WORK TASK - In the entries below, find the line with "Okładka książki Working" and the line with "Red Bluff High"; give again those lines and every line between them, exactly.

Brief descriptive captions
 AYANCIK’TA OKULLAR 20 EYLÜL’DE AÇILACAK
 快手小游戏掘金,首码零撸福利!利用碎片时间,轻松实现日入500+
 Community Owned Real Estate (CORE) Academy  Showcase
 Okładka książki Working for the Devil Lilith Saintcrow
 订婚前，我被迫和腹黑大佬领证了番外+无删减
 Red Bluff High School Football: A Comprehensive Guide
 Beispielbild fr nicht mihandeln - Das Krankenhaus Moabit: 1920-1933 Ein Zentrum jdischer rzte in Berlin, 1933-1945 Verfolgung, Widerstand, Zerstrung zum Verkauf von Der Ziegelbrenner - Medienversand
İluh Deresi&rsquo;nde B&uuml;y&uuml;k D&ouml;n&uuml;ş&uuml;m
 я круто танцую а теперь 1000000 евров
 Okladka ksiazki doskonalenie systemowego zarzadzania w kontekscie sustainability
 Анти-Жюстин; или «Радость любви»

EXERCISE SOLUTION -
 Okładka książki Working for the Devil Lilith Saintcrow
 订婚前，我被迫和腹黑大佬领证了番外+无删减
 Red Bluff High School Football: A Comprehensive Guide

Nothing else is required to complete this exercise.